Las elecciones de 2009 alteraron el sórdido amasiato y motivaron que Calderón traicionara el pacto mafioso. Los votantes, que no acaban de identificar a sus enemigos de clase, cobraron las afrentas infringidas por el calderonismo. Castigaron al PAN, que dejó de ser la mayoría para convertirse en la primera minoría de la Cámara de Diputados, pero premiaron al PRI, que pasó de la tercera a primera fuerza. Al PRD le dieron la espalda: pasó del segundo al tercer puesto, merced a su travestismo político, el denigrante espectáculo de los Chuchos que aplicaron la eutanasia a su partido, el trabajo sucio que llevan a cabo en nombre de los grupos de poder, en contra de Andrés Manuel López Obrador, y la desastrosa administración de los gobernadores de “izquierda”, cuyos mandatos en poco se diferencian de los de la derecha panista-priista. A partir de ese momento, Calderón cambió parcialmente de adversario: azuzó su jauría que atacaba al PRD en contra del PRI. Los Chuchos, el Diálogo para la Reconstrucción de México y demás se dejaron seducir por los cantos de la torva sirena. Rápida, alegre y mercenariamente, se sumaron como furgón de cola a la “santa alianza” que demolió las murallas priistas. Ya sufrirán la próxima felonía de la derecha, porque Calderón no dudó en aliarse con sus antiguos enemigos para tratar de alterar su destino: su inevitable derrota en las elecciones presidenciales de 2012.

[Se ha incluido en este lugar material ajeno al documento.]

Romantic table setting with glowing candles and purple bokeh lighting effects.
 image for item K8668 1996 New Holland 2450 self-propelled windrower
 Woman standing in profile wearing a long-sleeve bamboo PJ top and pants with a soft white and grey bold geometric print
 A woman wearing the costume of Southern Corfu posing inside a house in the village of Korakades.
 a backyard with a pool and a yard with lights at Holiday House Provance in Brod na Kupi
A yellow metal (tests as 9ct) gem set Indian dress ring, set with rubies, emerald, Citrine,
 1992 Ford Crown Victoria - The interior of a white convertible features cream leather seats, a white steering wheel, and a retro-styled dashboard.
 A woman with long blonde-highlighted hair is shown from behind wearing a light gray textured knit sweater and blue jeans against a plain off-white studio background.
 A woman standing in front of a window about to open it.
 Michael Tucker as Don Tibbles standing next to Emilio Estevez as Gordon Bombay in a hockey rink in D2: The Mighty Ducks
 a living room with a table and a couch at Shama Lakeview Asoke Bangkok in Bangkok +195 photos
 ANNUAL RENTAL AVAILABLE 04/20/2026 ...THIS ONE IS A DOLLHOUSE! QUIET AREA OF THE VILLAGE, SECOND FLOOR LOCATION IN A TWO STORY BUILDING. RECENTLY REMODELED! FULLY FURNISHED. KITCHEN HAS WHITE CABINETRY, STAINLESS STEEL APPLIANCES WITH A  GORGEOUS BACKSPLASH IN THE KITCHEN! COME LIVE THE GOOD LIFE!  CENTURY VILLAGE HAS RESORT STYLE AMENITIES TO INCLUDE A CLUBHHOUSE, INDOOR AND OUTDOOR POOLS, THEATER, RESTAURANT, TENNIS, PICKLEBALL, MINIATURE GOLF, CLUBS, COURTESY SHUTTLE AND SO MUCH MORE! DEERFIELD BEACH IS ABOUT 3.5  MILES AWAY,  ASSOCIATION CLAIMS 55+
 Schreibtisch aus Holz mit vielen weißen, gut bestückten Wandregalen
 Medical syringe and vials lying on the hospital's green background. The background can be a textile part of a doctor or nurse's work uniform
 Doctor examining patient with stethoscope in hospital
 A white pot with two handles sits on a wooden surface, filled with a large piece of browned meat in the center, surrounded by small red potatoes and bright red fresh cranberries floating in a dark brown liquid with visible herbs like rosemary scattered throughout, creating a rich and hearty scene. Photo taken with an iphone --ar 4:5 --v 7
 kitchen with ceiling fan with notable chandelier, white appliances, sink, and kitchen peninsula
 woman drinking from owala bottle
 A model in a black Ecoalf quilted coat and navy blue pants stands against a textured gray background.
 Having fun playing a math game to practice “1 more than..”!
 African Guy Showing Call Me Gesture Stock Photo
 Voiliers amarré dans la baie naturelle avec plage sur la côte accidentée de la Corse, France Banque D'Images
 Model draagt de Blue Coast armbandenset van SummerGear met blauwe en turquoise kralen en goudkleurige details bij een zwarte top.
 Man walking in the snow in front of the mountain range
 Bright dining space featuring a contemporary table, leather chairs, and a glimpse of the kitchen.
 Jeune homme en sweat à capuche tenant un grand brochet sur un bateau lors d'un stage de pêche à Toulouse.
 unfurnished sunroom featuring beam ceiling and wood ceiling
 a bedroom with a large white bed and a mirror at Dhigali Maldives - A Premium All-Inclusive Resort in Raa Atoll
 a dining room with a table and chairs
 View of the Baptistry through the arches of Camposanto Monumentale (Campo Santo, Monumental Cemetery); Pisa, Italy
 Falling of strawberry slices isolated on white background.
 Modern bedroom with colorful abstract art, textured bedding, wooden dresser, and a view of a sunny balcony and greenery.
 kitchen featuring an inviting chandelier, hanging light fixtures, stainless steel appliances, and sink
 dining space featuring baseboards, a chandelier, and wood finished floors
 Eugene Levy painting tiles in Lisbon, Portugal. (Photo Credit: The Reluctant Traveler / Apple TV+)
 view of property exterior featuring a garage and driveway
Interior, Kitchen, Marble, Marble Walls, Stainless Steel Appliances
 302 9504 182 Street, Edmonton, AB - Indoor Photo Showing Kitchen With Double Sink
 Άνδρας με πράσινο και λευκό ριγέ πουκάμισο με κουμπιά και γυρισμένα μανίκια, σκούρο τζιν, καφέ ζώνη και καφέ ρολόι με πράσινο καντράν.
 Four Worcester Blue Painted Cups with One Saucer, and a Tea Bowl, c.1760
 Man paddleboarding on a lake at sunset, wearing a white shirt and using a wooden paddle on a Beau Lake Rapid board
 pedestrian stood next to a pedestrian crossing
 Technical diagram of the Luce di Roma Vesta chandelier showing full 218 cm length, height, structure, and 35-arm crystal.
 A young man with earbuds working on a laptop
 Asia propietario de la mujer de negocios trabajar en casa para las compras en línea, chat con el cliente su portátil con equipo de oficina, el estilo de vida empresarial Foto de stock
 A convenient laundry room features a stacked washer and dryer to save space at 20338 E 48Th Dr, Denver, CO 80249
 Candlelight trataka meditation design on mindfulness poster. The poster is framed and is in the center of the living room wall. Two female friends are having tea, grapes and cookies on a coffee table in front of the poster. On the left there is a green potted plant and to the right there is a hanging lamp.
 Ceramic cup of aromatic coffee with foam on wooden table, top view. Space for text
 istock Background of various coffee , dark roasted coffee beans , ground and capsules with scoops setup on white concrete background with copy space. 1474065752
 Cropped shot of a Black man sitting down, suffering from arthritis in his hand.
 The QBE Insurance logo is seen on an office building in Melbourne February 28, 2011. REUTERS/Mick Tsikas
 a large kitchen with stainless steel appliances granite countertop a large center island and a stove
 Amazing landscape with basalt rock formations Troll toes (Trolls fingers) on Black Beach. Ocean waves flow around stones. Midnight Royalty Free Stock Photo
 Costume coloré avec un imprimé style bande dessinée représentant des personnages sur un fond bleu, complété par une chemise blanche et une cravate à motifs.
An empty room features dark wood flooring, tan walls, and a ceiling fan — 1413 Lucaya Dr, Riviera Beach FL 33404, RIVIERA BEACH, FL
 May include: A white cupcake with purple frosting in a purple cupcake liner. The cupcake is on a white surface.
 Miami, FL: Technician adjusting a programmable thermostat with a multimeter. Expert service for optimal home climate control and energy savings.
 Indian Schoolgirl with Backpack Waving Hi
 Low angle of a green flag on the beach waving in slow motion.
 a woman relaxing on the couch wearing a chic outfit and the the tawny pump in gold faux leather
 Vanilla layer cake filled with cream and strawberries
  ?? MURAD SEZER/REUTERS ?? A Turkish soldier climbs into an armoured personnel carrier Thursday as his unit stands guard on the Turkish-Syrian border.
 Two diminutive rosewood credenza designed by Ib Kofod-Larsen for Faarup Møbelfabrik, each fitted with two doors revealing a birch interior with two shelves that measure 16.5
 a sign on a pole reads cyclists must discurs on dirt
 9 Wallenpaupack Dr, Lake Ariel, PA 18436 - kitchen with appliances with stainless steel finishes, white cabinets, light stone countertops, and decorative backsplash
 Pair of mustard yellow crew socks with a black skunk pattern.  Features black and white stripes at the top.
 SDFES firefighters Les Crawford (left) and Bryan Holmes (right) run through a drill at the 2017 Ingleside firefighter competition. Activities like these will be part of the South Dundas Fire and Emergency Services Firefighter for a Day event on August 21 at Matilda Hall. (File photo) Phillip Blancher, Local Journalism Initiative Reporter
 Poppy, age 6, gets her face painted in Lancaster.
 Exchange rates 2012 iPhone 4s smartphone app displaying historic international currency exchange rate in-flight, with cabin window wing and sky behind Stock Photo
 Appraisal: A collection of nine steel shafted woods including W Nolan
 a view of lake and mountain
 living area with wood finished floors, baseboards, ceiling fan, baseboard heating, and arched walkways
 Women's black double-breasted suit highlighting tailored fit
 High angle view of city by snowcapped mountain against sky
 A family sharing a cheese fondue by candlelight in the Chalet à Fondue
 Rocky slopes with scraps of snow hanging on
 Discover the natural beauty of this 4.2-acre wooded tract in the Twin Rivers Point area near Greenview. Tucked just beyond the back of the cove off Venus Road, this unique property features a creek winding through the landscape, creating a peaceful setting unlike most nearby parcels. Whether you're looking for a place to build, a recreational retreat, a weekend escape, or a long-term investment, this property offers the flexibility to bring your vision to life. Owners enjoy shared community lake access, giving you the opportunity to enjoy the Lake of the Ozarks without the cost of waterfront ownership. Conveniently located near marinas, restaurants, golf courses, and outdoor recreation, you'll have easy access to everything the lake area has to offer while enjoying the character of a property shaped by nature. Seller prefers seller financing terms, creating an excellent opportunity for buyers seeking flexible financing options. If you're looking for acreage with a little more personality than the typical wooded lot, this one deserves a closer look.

Alborozada, Josefina Vázquez festejó el fin del mito del “carro completo” priista y dijo que, con dificultades, México avanza hacia la democracia. César Nava hace cuentas alegres y agrega que “Calderón entregará la banda presidencial a otro panista”. Jesús Ortega añade que “las alianzas ciudadanas han tenido un éxito rotundo”. Ufano, Manuel Camacho remata: “Las elecciones probaron” que la “estrategia de alianzas fue acertada y cambió el mapa político del país”; que “el PRI no es tan fuerte como se pretendía”; que ya “no es posible volver a construir una hegemonía”, porque “son altos los riesgos de que se desborde la gobernabilidad”, y que hay que disminuir la violencia, consolidar la recuperación y crear condiciones y garantías de pluralidad y equidad para una competencia efectiva en 2012”.

Pero la algarabía tiene un desagradable resabio agridulce que no logra ocultar el fondo: que de todos modos fueron arrollados por la maquinaria del PRI. Es cierto, cambió el mapa político. El PRI restó y sumó, y el balance de su presencia nacional aún es incierto. El PAN patética e irrecusablemente se desmorona en una dilatada agonía. Sólo retrasó su desplome. El PRD se redujo más a una existencia testimonial, de palafrenero de la reacción, de verdugo de la izquierda que no comparte su abdicación y su colaboracionismo complaciente que refuerza la tendencia al bipartidismo oligárquico. La merecida pérdida de Zacatecas evidencia su descomposición de una antigua militante “comunista” que convirtió al estado en un cacicazgo familiar. Emergen nuevos gobernadores gatopardistas, paridos por la misma matriz autoritaria, sin identidad y bases sociales definidas, con compromisos ambiguos, de cuestionada militancia democrática que preludian nuevos cacicazgos como el de Guerrero o Chiapas, más inclinados al panismo y a mantener el statu quo.

Pero no cambió la forma de hacer política ni la naturaleza del sistema. Sólo se vivió un ilusionismo y bisutería que vivificaron otra vez las peores prácticas electorales que se decían superadas y que remarcaron la involución política, pero que fue incapaz de ocultar una realidad socialmente trastornada por los estragos de la crisis y la inestabilidad neoliberal, la injusta justicia; de una mutante época que se descompone y se recompone sin rumbo definido, pero que las elites neoliberales se empeñan en mantener a cualquier costo para evitar su muerte anunciada.

La sociedad quedó atrapada en el infernal círculo de hierro político despótico y neoliberal autoritario que impide el cambio democrático y reduce a un coágulo político para que no cambie nada.

Camacho prefiere la gobernabilidad, una sociedad silenciosa que delega su destino a las elites y no la ingobernabilidad: el pueblo en las calles que lucha por su emancipación ante un sistema que nada le ofrece, que busca construir un contrapoder, un antipoder, su propio poder.